# PROVIDED DATA:
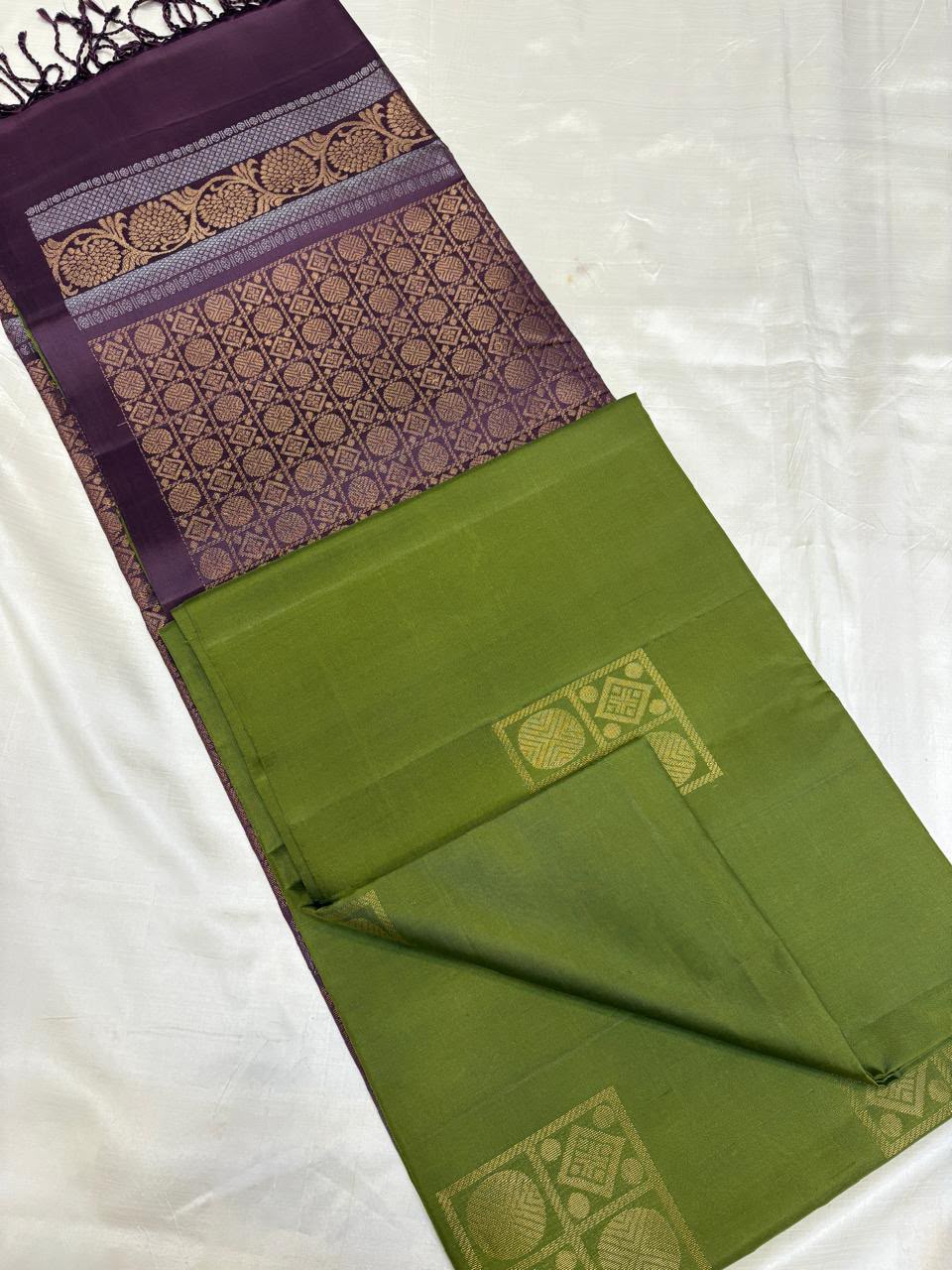 Borderless soft silk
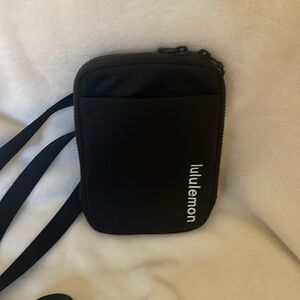 lululemon easy access crossbody bag black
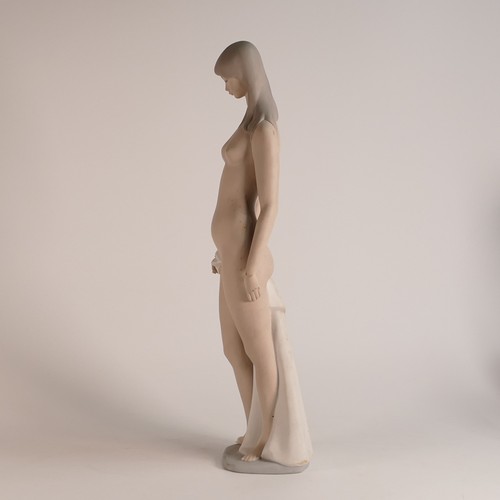 262 - Lladro Nude figurine, number 14511. Produced from 1970-1985, designed by Juan Huerta, height 47cm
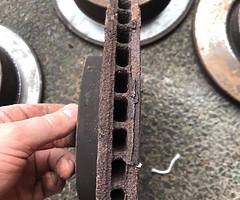 Hyundai Tucson 2l Diesel brake discs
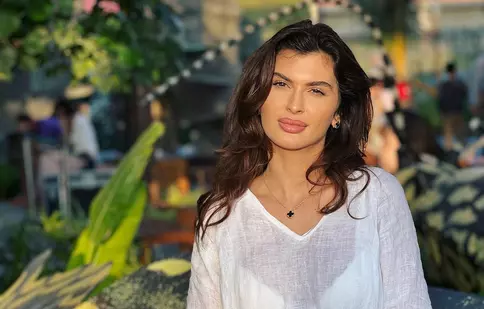 Mădălina Pamfile divorțează de milionarul albanez. Anunțul făcut de fosta asistentă TV, la un an de la cununia civilă din Dubai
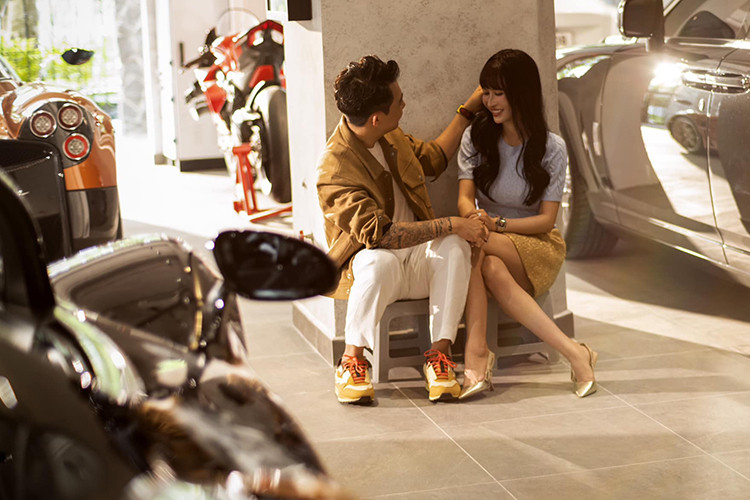 Trên toàn thế giới chỉ có 169 chiếc McLaren Elva được sản xuất và ít nhất 3 xe đã về Đông Nam Á, đều thuộc bản 4 không, tức bỏ luôn kính chắn gió, 1 trong số đó được tiết lộ là Tunku Idris Iskandar Ismail, Hoàng tử bang Johor của Malaysia hay 1 đại gia kín tiếng ở Campuchia.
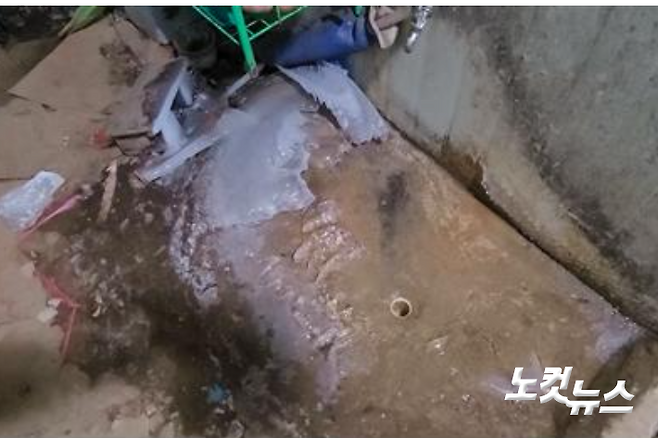 방문 앞에는 지하수가 나오는 수전이 설치돼 있다. 영하의 날씨에 수도꼭지 주변은 꽁꽁 얼어붙은 상태다. 이곳에서 매일 아침 찬물 세수를 한다.(사진=박창주 기자)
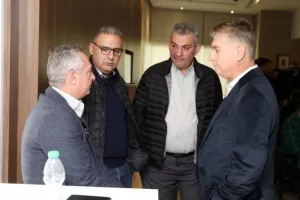 Είπε ο Κρις (2) (Παπασταύρου)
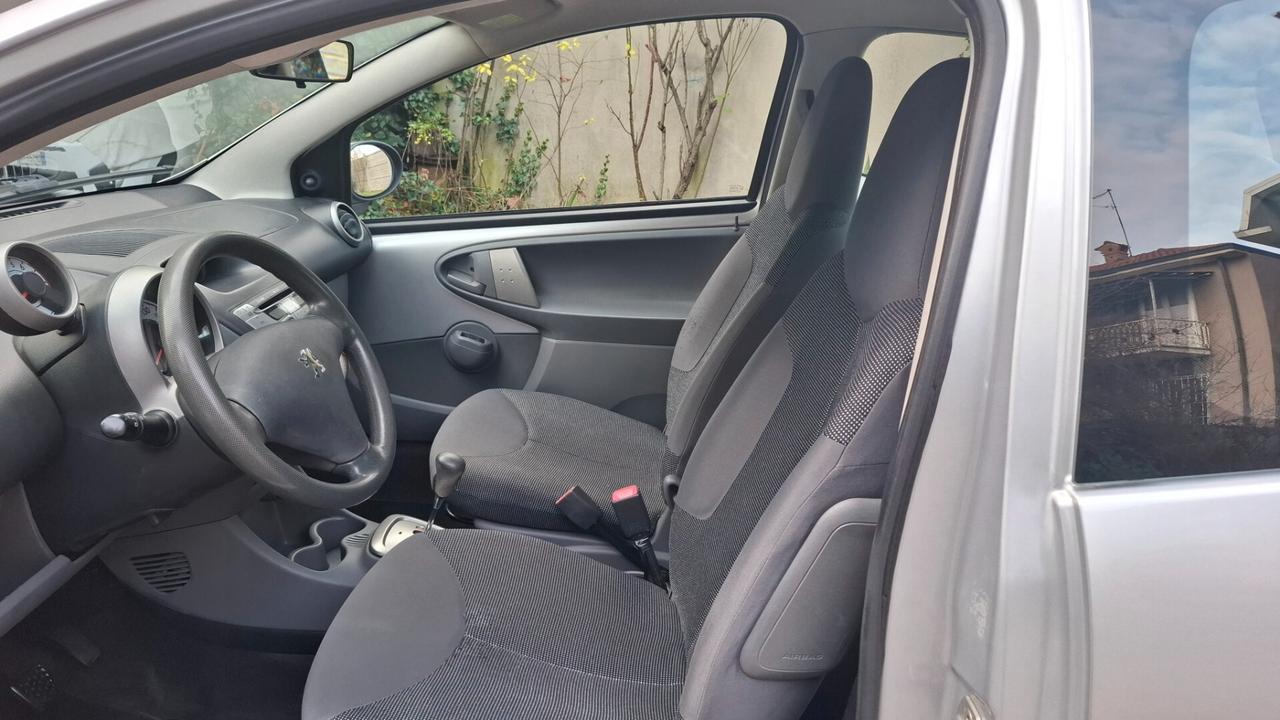 Peugeot 107 1.0 68CV 3p. Plaisir 2Tronic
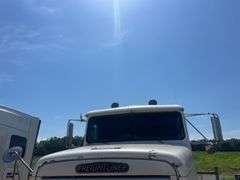 1989 Freightliner T/A  Conventional Daycab Truck *INOP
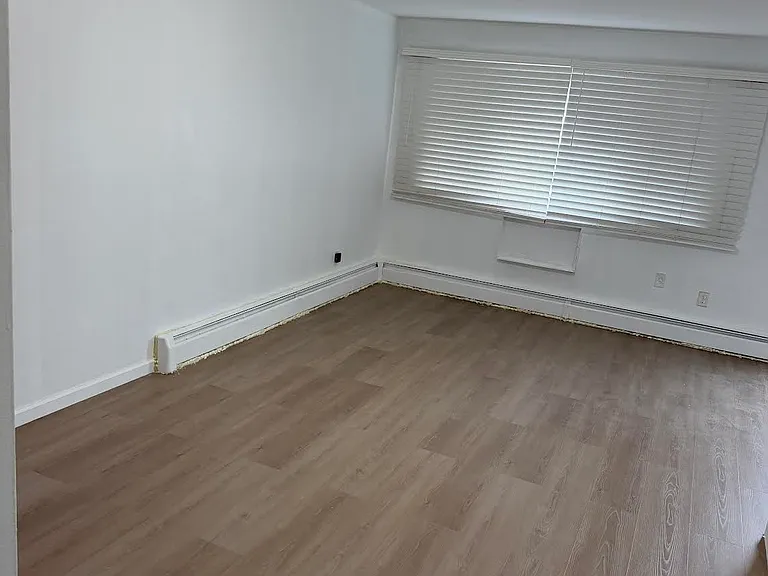 85-16 169th St #3 — Photo 3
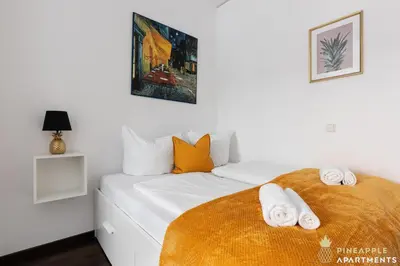 Ein Bett oder Betten in einem Zimmer der Unterkunft PINEAPPLE APARTMENTS - Palais am Neumarkt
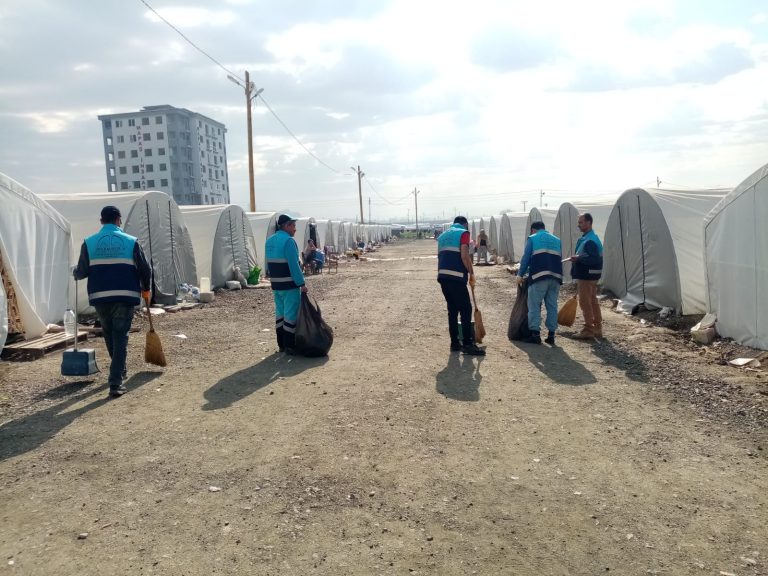 DULKADİROĞLU’NDA ÇEVRE TEMİZLİK FAALİYETLERİ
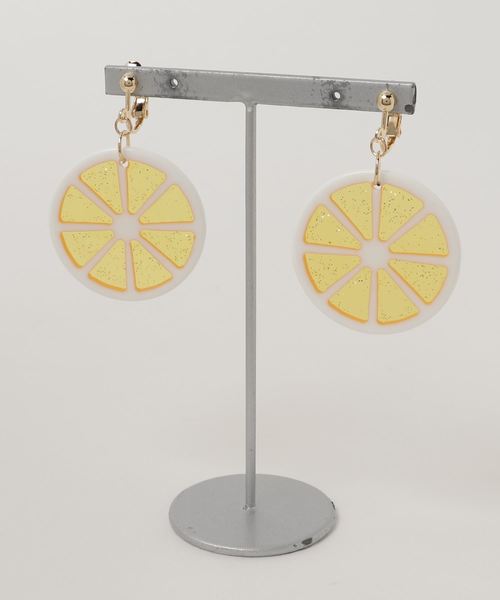 WEGO（ウィゴー）の「WEGO/フルーツイヤリング（イヤリング・レディース・イエロー/オレンジ・FREE）」の2枚目の写真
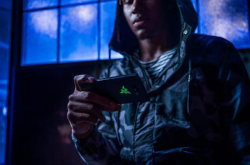 雷蛇RazerPhone2发布 灯厂自然要玩灯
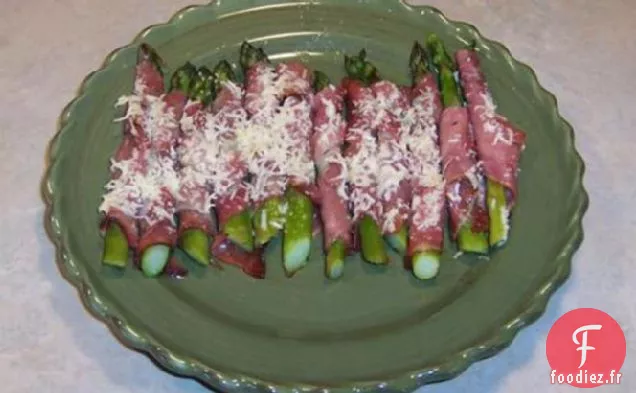 Asperges cuites au four Enveloppées de Prosciutto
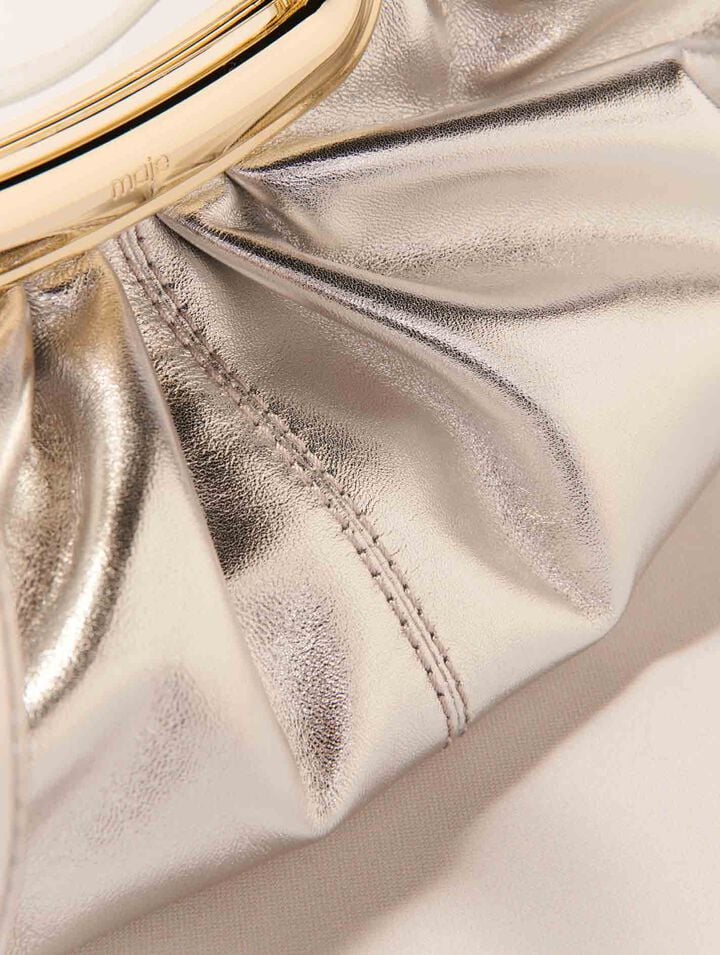 Clutch aus Leder mit Metallgriff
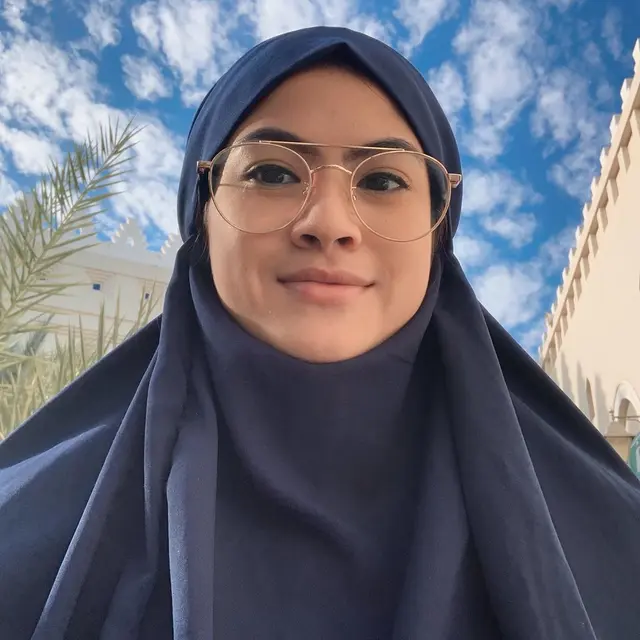 Bikin Pangling, Ini 7 Pesona Hana Saraswati Kenakan Hijab Saat Umroh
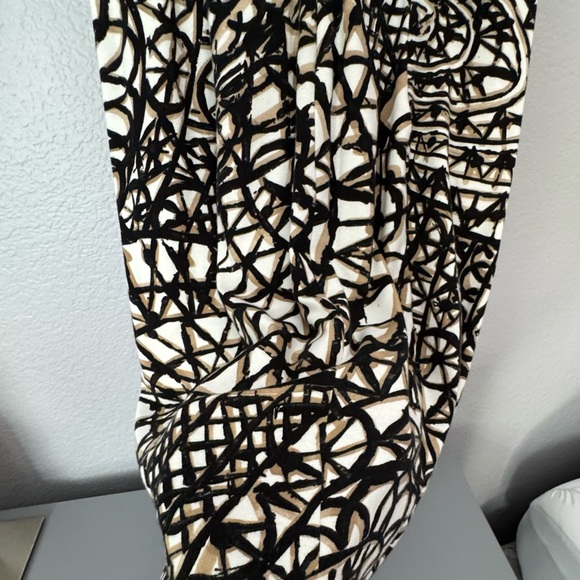 MaxMara Black and White Sheath Dress WITH BOX. Peter Pan Collar. Size 44 US 10. - Picture 10 of 17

# EXERCISE AIM:
What should come back is an exact copy of the lines above from the line with "85-16 169th St #3 — Photo 3" to the line with "Clutch aus Leder mit Metallgriff", both included, minus the pictures.

# WRITTEN RESPONSE:
 85-16 169th St #3 — Photo 3
 Ein Bett oder Betten in einem Zimmer der Unterkunft PINEAPPLE APARTMENTS - Palais am Neumarkt
 DULKADİROĞLU’NDA ÇEVRE TEMİZLİK FAALİYETLERİ
 WEGO（ウィゴー）の「WEGO/フルーツイヤリング（イヤリング・レディース・イエロー/オレンジ・FREE）」の2枚目の写真
 雷蛇RazerPhone2发布 灯厂自然要玩灯
 Asperges cuites au four Enveloppées de Prosciutto
 Clutch aus Leder mit Metallgriff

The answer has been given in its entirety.